--- Data for the task Enclosed Below ---

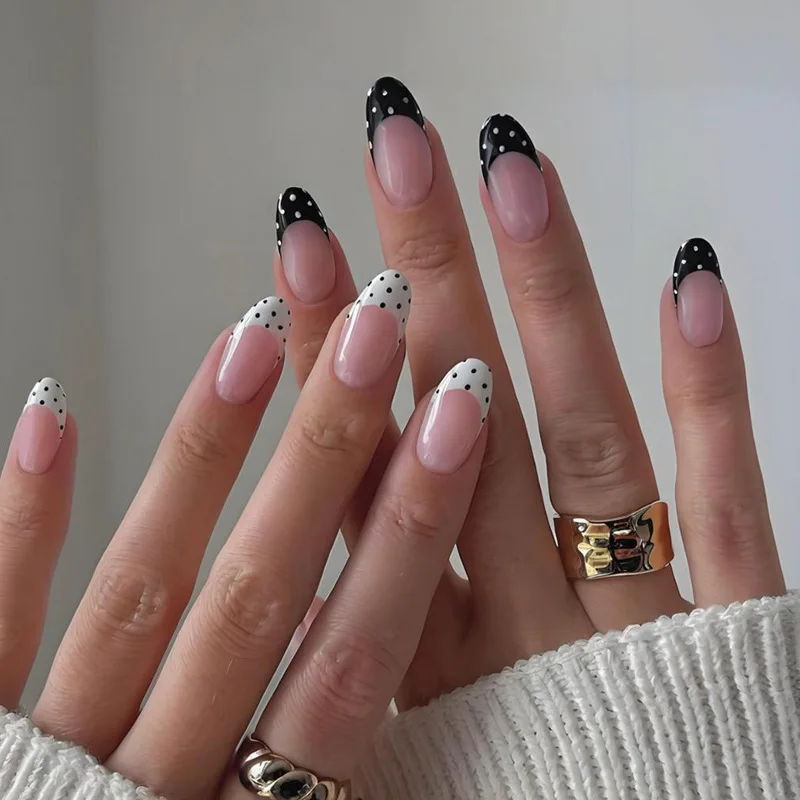 24Pcs Long Almond Press‑On Nails Black White French Polka‑Dots Fake Nails Reusable Full‑Cover Artificial Nail Tips PartyManicure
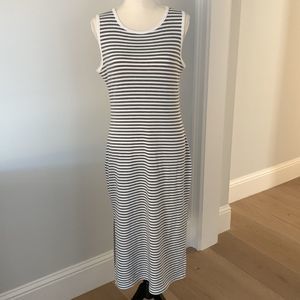 Steve Madden MIDI gray & white striped jersey dress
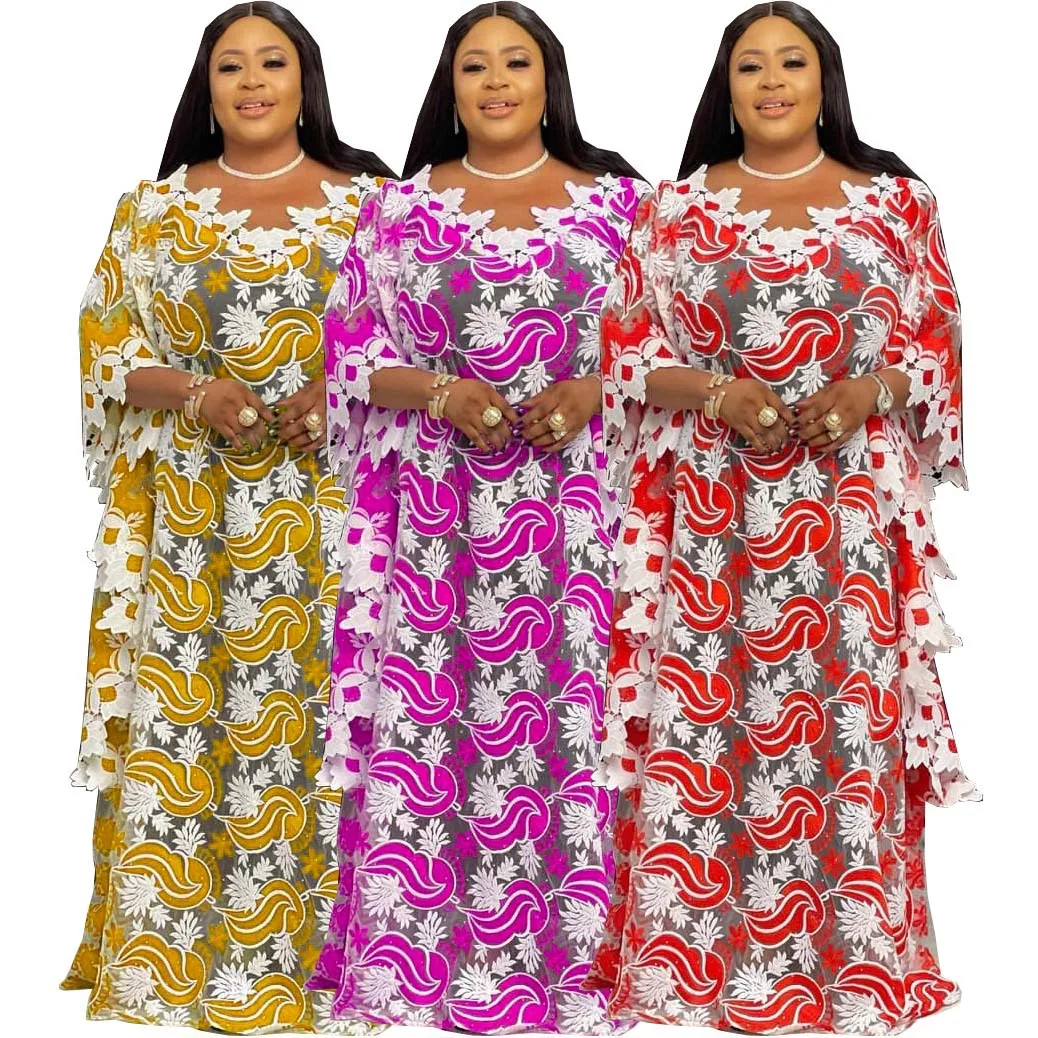 H & D African Dresses for Women Lace Boubou Robe New Dashiki Africain Kaftan Dresses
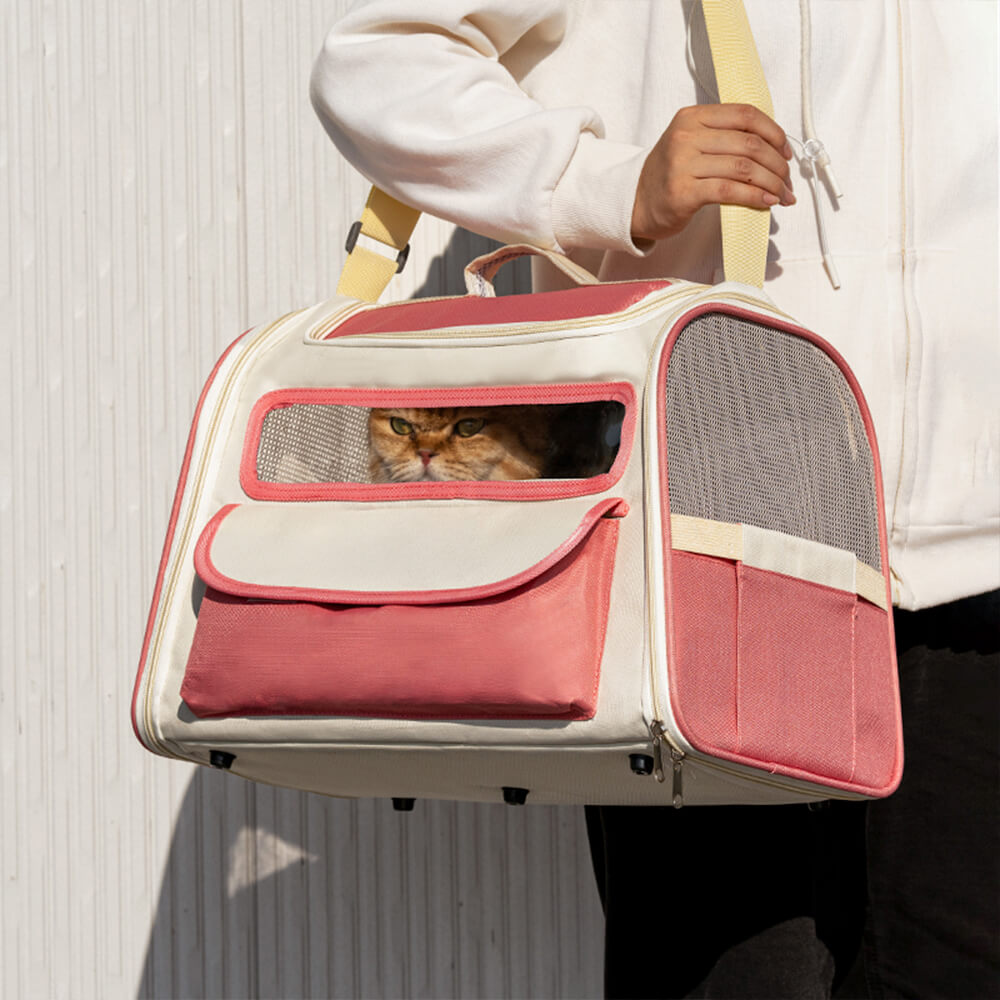 RYNX | Multi-Pocket Crossbody Handbag Cat Carrier Bag Pink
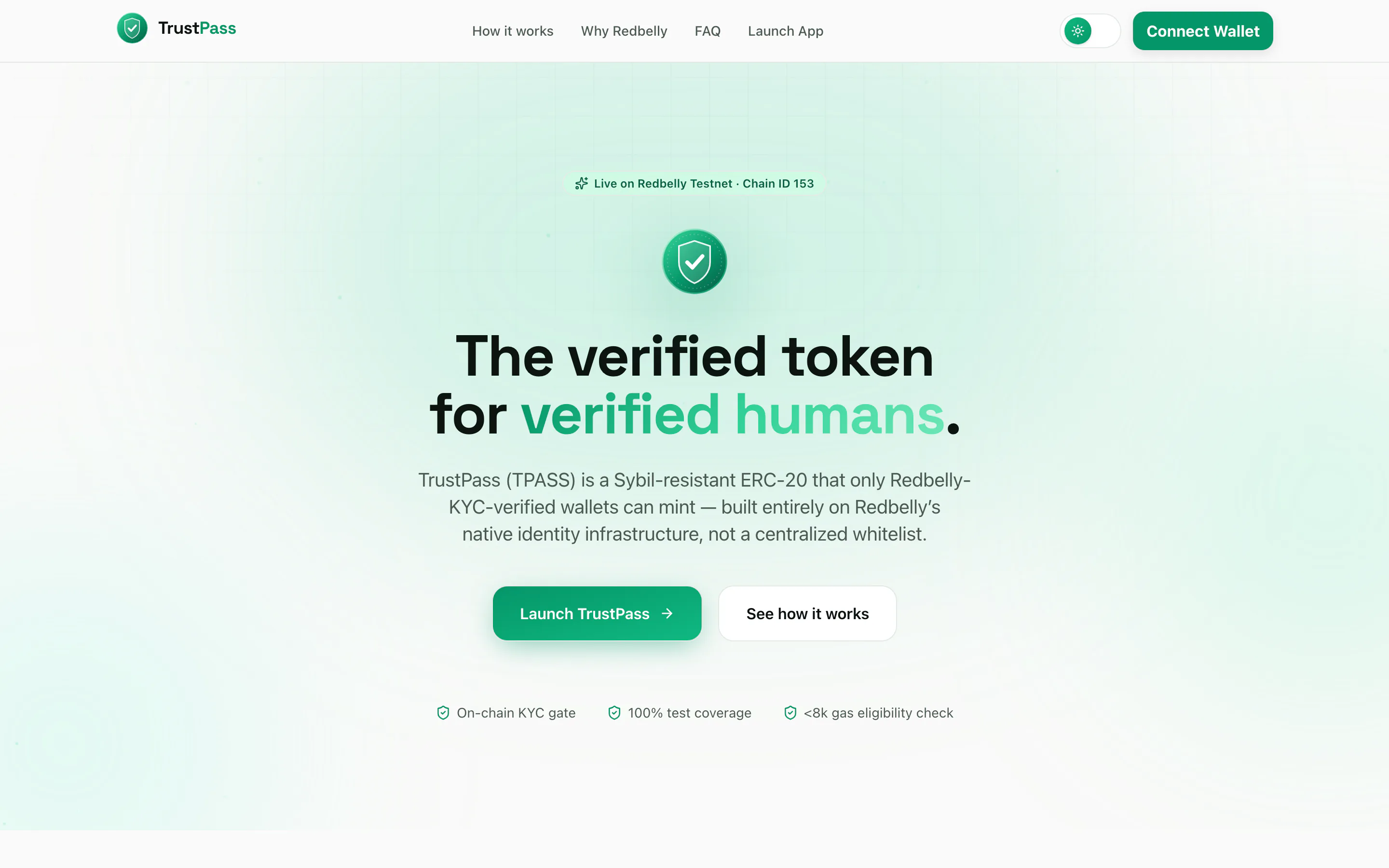 TrustPass landing page explaining a Sybil-resistant ERC-20 gated by Redbelly onchain KYC.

--- End of Enclosed Data for the task ---

- _Exercise_: Transcribe only the lines from the one holding "Steve Madden MIDI gray &" through the last line of the listing above, inclusive, and do not include the pictures.

- _Reply to the exercise_:
 Steve Madden MIDI gray & white striped jersey dress
 H & D African Dresses for Women Lace Boubou Robe New Dashiki Africain Kaftan Dresses
 RYNX | Multi-Pocket Crossbody Handbag Cat Carrier Bag Pink
 TrustPass landing page explaining a Sybil-resistant ERC-20 gated by Redbelly onchain KYC.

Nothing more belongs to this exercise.